Q3. What should AIS management do now? Identify the difficulties of deleveraging.
Ans:
The management of AIS has to take significant measures to prevent the company from going into more
debt in the future. Therefore, to reduce their financial leverage in the future they should focus on the
following measures:
1. They should aim to reduce their borrowing through issue of more shares of the company to
existing investors or some other method which will be beneficial to the company on the long
run. They should get rid of their borrowing and maintain a healthy debt to equity ratio. This
will further help them in improving their credit rating and hence improve their credibility and
hence borrowing power in the future.
2. Introduce efficient initiatives. Just like their initiative ‘Look within: Look Beyond’ they should
give way to further initiative which will help strengthen the company’s core competency and
enhance their waste management through following methodologies such as Kaizen, which will
help in preventing redundancy in the working cycle of the company.
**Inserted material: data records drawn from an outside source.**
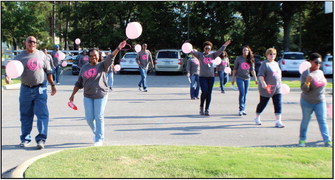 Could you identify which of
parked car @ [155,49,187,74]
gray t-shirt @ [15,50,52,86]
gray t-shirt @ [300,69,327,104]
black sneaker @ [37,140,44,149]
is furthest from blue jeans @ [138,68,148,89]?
parked car @ [155,49,187,74]

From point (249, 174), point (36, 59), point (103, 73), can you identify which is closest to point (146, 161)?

3. Focus on cost management of the company. AIS should focus on reducing their costs by
efficient cost management techniques and preventing wastage of resources and time. Just like
how they switched to cheaper alternatives of input fuel to prevent the risk faced by the volatility
of crude oil in the market.
4. Switch to efficient methods and invest in new machines and technologies to help with their top
line while reducing their costs and in return get an acceptable profit for their company.
5. Along with investing into new technologies and capital expansion of the company, they should
also focus on liquidating the assets which will be no longer required in the future and hence
take advantage of the salvage value of these assets.
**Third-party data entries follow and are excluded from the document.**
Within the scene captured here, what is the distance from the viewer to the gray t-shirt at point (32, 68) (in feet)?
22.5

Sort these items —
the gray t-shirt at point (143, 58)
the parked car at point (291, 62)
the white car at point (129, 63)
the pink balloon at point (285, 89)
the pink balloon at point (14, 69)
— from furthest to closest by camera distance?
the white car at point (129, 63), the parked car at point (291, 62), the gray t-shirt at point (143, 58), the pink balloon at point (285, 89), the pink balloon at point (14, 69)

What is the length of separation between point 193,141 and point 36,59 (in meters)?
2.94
6. Look for prospective markets to expand further. Although a major portion of their revenue is
through float glass and through automobile industry. They should look for markets which will
have a good synergy with their existing products and also will have less risk for the company
to invest in.
7. Reducing the working cycle of the company will also be beneficial to the company and the time
taken to get their trade receivables will also be less hence helping the company deleverage their
company.
Difficulties of deleveraging:
1. Choosing methods of efficient infusion of equity becomes difficult for the company because if
they want to issue shares in the market through normal means, a potential investor won’t keep
AIS in high regard as it has a high risk for the investor. In such a case the brand equity of the
company and value of the firm plays a crucial role. Also, there Is no guarantee the existing
shareholders will accept the tender offer of the company.
2. Rights issue and public issue will also contain a certain amount of cost to it (floatation cost).
3. Since there is a very high potential for the glass industry in the future, selling of their existing
assets might turn out to be detrimental for the company in the long run.
4. As the glass industry is a capital-intensive business, deleveraging will hider their operations of
the company and hence might reduce their top line in the future.